Assigned task – When you copy the entries, omit the images and keep every word as it is.

Caption-style text data –
==================================================
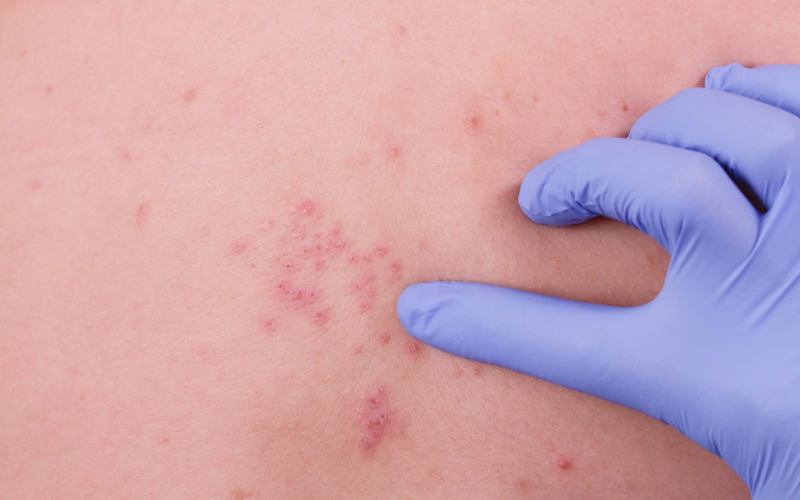 Why you might have a shingles flare-up after your COVID vaccination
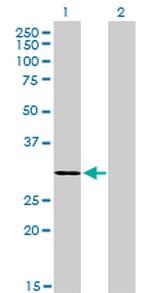 LDB3 Antibody in Western Blot (WB)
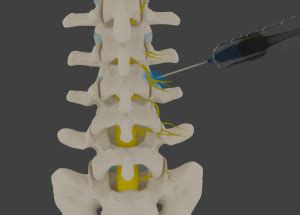 Medial Branch Block - Cervical, Thoracic and/or Lumbar | West Michigan Surgery Center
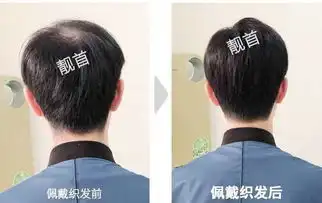 中年男士中老年男士假发套发际线高实拍案例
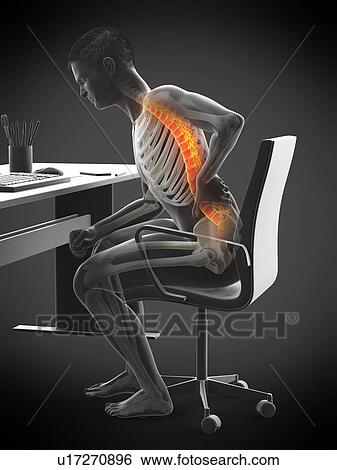 Stock Photograph - Back pain due to sitting, conceptual illustration.. Fotosearch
==================================================
Exercise answer –
 Why you might have a shingles flare-up after your COVID vaccination
 LDB3 Antibody in Western Blot (WB)
 Medial Branch Block - Cervical, Thoracic and/or Lumbar | West Michigan Surgery Center
 中年男士中老年男士假发套发际线高实拍案例
 Stock Photograph - Back pain due to sitting, conceptual illustration.. Fotosearch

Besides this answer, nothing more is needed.